* [Task brief]:
When you reach the line that contains "Demo 10 Use" in the data below, start reproducing lines exactly, and stop after the line that contains "A901ELITE 1TB SLC".

* [Records to process]:
★ ★ ★
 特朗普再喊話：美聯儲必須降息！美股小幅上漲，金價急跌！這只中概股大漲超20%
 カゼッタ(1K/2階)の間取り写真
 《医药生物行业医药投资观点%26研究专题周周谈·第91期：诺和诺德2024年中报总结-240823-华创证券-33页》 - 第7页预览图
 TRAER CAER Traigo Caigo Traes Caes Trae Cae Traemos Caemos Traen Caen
★ ★ ★
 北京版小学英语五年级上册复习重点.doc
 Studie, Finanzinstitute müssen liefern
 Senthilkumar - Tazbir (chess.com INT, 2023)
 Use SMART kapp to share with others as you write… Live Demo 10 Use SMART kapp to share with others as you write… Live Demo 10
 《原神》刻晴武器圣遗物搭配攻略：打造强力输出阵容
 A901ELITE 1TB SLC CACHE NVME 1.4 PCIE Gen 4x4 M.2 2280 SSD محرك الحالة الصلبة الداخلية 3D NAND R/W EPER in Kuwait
★ ★ ★
* [Answer below]:
 Use SMART kapp to share with others as you write… Live Demo 10 Use SMART kapp to share with others as you write… Live Demo 10
 《原神》刻晴武器圣遗物搭配攻略：打造强力输出阵容
 A901ELITE 1TB SLC CACHE NVME 1.4 PCIE Gen 4x4 M.2 2280 SSD محرك الحالة الصلبة الداخلية 3D NAND R/W EPER in Kuwait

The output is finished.